DETROIT (CBS Detroit/AP) - A 12-year-old Detroit boy who was missing for 11 days before he was found in a basement last summer testified Tuesday about alleged abuse at the hands of his father and stepmother.

Charlie Bothuell V, now 13, took the stand at around 2:10 p.m. — first asked was he happy to be there today, where he lived, and with whom.

Charlie spoke clearly and confidently as he pointed out the defendants: his father, Charlie Bothuell IV; and stepmother, Monique Dillard-Bothuell, in the courtroom.

The hearing will determine if the couple will go to trial on charges of torture and child abuse.

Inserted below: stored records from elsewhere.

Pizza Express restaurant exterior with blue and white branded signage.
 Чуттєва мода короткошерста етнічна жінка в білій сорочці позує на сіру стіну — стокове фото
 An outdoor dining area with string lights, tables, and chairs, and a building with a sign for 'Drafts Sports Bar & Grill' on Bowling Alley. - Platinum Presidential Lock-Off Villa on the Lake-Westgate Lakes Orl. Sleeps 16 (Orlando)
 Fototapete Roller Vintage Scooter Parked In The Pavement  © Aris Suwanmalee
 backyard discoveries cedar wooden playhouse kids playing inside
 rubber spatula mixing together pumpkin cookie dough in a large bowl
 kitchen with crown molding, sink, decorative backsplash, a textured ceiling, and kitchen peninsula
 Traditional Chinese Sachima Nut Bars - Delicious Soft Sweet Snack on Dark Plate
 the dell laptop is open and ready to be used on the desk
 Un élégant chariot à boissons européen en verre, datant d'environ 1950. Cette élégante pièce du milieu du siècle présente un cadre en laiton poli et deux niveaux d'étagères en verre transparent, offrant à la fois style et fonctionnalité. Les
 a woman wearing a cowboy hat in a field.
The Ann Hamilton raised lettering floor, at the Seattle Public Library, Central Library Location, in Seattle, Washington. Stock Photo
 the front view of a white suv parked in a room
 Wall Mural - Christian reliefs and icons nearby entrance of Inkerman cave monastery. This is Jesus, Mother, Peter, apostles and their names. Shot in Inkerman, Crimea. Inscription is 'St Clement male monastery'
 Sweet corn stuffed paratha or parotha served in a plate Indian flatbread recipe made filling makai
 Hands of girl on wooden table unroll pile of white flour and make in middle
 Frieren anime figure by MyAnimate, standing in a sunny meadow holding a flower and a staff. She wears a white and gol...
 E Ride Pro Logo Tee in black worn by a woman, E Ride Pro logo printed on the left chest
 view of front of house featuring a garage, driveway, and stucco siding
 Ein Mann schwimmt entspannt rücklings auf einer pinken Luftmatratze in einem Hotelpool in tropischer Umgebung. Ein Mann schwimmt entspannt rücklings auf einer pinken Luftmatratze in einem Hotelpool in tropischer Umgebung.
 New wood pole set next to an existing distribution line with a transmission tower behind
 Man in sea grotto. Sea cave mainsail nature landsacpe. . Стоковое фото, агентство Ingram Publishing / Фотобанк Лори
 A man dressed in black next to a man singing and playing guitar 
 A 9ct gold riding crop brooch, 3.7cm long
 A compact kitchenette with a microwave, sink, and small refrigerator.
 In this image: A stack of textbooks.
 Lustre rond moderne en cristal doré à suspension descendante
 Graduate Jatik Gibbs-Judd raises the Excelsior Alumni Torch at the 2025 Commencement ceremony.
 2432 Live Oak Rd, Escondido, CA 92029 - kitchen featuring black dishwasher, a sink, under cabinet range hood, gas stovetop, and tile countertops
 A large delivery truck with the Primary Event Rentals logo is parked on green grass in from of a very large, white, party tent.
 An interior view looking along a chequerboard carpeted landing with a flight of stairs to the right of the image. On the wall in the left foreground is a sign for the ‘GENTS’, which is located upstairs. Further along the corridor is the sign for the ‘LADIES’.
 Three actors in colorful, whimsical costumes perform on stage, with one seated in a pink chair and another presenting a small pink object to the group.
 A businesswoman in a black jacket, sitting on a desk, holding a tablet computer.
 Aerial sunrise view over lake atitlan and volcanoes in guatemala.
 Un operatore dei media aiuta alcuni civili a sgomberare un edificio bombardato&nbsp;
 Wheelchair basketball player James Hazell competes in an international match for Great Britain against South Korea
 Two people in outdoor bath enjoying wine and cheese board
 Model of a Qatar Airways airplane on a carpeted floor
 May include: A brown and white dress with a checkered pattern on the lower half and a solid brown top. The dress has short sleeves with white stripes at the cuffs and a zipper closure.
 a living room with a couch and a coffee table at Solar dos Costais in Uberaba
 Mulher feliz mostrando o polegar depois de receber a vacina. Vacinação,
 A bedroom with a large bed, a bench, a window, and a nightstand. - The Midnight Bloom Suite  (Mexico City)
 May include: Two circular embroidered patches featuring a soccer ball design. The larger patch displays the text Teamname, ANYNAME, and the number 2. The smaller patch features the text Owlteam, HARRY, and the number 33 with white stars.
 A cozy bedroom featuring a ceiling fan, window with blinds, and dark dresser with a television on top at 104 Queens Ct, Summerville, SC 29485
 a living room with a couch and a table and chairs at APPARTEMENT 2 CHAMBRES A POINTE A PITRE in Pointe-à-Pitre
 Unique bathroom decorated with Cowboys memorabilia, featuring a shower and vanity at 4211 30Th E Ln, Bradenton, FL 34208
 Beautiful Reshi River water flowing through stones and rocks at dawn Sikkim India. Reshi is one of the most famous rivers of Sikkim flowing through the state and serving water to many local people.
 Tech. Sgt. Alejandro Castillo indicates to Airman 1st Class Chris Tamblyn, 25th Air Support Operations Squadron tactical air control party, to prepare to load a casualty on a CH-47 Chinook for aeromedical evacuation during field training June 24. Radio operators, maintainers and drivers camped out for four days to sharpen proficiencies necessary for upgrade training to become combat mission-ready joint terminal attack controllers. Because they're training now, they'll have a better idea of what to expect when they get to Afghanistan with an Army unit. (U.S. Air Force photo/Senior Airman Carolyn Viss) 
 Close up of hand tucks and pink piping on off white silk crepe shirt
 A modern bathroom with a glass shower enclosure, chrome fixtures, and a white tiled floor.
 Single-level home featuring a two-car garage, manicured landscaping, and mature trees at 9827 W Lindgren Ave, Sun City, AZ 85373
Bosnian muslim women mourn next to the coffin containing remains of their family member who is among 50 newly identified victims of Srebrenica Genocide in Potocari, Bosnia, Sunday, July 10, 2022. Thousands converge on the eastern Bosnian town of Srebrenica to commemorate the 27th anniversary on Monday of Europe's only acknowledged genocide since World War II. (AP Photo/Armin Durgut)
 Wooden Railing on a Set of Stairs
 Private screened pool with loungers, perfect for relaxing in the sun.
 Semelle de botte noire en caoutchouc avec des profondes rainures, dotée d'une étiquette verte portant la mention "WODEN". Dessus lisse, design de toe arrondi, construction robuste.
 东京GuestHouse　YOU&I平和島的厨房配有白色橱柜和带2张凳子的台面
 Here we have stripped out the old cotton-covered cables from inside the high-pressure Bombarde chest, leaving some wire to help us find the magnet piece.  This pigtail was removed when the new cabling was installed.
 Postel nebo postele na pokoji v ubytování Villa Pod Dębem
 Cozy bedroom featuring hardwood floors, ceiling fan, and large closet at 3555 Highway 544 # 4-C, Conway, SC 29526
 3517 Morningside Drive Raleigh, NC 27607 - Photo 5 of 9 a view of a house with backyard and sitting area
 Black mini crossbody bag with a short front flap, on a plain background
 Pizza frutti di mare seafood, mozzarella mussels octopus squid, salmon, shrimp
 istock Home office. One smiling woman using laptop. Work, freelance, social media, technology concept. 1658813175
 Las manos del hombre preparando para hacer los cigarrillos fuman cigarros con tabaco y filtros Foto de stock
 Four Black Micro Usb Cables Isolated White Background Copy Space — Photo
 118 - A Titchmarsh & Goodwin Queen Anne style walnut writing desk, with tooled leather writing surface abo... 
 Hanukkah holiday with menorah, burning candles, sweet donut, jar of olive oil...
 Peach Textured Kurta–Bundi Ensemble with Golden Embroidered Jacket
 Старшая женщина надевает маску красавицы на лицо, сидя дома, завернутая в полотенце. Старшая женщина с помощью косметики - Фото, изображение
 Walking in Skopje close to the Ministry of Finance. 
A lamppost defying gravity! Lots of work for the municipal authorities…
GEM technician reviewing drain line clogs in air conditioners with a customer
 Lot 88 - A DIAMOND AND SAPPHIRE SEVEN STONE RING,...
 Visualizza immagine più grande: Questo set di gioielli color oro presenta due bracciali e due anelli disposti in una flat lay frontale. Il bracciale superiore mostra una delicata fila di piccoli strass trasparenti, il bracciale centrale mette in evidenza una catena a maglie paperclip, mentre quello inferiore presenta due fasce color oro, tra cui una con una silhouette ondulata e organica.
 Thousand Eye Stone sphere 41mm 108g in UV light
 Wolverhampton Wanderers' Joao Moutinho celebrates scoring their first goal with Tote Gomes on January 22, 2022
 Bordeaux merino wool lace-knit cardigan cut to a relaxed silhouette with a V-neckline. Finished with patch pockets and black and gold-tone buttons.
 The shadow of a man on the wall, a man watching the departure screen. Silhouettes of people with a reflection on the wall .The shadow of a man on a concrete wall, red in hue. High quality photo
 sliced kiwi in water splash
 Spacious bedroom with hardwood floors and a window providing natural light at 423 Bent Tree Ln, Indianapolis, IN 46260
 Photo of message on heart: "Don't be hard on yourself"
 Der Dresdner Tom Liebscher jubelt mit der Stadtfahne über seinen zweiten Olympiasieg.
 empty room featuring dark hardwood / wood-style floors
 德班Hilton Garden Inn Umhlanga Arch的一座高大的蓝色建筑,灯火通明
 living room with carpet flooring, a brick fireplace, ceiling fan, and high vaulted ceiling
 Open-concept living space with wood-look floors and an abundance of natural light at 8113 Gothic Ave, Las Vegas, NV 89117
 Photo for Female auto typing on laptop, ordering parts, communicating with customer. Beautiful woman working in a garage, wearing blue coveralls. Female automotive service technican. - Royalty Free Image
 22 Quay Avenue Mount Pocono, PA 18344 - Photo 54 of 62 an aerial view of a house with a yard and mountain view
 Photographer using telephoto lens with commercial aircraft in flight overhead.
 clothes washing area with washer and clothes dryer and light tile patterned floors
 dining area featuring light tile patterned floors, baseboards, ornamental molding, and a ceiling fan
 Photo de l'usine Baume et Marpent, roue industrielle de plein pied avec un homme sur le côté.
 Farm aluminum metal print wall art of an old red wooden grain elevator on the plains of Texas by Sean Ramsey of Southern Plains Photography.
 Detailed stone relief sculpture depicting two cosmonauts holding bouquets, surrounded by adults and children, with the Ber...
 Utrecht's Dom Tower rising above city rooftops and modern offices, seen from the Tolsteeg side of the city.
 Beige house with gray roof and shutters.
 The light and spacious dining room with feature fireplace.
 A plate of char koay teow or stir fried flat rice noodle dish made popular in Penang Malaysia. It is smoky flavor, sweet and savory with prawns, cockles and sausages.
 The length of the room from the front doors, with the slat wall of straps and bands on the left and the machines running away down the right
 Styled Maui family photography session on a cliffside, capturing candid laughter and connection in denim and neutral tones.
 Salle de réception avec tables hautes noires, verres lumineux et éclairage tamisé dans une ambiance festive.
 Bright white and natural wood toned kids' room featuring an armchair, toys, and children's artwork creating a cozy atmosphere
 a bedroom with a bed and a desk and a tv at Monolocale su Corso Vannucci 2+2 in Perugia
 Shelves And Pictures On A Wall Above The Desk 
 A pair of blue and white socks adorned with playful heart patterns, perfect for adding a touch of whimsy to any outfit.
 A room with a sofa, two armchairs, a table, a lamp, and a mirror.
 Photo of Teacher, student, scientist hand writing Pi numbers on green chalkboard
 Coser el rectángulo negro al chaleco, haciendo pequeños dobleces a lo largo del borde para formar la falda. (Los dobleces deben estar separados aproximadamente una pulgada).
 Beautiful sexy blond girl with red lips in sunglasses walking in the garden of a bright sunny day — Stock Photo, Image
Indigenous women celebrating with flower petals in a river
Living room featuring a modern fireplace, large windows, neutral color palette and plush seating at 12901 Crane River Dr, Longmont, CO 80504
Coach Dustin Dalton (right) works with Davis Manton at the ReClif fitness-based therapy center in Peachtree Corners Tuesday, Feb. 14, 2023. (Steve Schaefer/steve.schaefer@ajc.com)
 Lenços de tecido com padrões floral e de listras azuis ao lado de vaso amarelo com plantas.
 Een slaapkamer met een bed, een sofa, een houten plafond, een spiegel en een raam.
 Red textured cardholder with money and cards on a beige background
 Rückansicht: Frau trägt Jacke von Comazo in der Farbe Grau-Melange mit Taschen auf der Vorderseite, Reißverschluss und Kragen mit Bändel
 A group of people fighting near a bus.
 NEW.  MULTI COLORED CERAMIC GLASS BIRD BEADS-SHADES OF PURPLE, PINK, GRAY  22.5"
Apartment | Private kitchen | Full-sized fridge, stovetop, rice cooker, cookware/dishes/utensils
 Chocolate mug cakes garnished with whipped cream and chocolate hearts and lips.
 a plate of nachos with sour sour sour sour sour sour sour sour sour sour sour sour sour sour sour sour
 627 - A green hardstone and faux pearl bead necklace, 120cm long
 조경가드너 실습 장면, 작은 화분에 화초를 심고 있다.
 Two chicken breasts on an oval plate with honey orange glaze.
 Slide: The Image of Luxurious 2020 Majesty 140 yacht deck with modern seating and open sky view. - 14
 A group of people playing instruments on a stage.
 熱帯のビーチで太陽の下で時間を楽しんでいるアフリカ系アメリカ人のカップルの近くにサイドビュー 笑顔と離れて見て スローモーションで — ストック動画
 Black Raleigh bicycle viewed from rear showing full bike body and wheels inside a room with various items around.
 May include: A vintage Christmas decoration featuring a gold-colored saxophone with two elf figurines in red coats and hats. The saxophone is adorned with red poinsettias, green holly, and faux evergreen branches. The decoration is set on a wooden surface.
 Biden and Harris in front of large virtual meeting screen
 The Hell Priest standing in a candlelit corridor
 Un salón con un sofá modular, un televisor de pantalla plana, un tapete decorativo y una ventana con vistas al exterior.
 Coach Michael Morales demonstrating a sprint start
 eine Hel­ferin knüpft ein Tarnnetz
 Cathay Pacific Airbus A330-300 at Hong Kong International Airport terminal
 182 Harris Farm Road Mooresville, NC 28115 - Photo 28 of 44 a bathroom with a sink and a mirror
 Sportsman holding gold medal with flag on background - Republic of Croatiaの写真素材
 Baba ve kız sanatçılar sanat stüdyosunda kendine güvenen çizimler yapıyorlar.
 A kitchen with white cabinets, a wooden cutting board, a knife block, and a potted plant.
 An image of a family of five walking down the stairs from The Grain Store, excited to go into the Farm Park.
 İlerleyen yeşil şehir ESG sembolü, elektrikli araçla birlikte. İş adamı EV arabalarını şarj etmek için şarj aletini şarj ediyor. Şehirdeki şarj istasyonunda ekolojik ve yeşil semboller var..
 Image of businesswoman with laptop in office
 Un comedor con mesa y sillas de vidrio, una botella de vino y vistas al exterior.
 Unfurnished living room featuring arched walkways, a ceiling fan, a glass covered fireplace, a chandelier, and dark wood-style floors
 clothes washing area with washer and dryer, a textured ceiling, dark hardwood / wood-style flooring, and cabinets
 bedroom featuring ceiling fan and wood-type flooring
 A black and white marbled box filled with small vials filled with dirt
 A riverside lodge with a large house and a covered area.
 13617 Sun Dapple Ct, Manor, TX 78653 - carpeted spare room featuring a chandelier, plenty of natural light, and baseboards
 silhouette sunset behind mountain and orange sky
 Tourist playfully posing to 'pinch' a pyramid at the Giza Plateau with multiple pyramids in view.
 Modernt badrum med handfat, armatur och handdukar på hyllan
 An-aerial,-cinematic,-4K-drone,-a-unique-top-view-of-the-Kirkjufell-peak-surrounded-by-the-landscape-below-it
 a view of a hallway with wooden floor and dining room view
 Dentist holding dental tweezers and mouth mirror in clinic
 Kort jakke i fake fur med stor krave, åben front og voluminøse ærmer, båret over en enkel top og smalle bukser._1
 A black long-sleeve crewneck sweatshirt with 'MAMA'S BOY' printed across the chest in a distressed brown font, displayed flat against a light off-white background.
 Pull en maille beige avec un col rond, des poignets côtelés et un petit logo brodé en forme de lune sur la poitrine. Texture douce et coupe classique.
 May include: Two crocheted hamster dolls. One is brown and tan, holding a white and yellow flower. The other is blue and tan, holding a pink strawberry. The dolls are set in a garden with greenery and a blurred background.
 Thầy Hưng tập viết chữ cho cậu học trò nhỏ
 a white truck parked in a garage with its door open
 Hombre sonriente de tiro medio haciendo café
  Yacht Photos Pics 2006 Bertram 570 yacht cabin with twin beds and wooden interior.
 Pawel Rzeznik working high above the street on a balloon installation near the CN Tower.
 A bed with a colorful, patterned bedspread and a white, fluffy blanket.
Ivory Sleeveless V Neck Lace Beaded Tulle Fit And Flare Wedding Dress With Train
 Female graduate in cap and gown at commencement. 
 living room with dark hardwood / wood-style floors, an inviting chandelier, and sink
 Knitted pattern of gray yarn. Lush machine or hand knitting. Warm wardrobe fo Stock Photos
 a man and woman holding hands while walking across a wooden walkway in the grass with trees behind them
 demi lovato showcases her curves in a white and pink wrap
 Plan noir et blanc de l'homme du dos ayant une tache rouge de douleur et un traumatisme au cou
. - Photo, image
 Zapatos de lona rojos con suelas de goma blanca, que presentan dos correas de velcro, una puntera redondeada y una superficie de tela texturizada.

Charlie was questioned by prosecutors about everything from his home-schooling curriculum to where he slept in the house. On the latter subject, he said, for a time he slept in a den that was made up into a bedroom, and then later slept on a couch.

Bothuell told the prosecutor that his home was a horrible and isolated place.

Asked if he ever spent time with friends, to which he replied, "No...I never went outside unless I was allowed." For instance, he said, to go to school or the grocery store. He also described playing catch with a baseball with his father "one time," and visiting a park another.

Once, Charlie testified, he ran away. "The plan was to go to my aunt's house," he said, but he ended up just wandering around for two or three hours until police officers took him home.

After the police left, Charlie said, he was told to lay over the dining room table before he was spanked by his father with a wooden stick and a plastic PVC pipe.

Charles Bothuell IV and Monique Dillard-Bothuell
Charles Bothuell IV and Monique Dillard-Bothuell (credit: Detroit police)

Charlie testified that he was struck on more than one occasion with the pipe — on his head, backside and on his his sides — but couldn't estimate how many times.

Asked if he was injured, Charlie said yes — the skin was broken.

Charlie was questioned about a rigorous exercise routine, consisting of workouts that took an hour or hour-and-a-half.

If he didn't perform the routine,  he said, he would get a spanking.

"I would get whooped on the butt, and sometimes on the sides...it hurt," Charlie said, adding that he was ordered to roll over so he could be beaten on each side."...Sometimes crying, trying to convince my dad to stop...I told him 'please stop.'"

Charlie said his body was swollen, tender and bruised following the spankings.

"After I got a whooping I was made to go do my workout...It would hurt," he said.

Most of the time it was his father who beat him, Charlie said, but a few times it was Dillard-Bothuell.

"Sometimes she would punch me, and I got choked once," he said.

Charlie testified he was told that if he again broke the rules, he would get another whooping; and at times his father threatened to send Charlie to an out-of-state military school.

Charlie said the expectations at his father's home were "absolutely ridiculous."

He described a punishment he called "reaching for excellence" in which he was forced to stand with his arms up for an extended period of time. He said it was painful, but if he complained he was "told to shut up," and then he'd get a whooping if he did not stop talking.

Asked how he felt while he was living with Bothuell IV and Dillard-Bothuell, Charlie replied:

"Depressed, sad; I just wanted to go home to my mom...It was just a terrible place to be."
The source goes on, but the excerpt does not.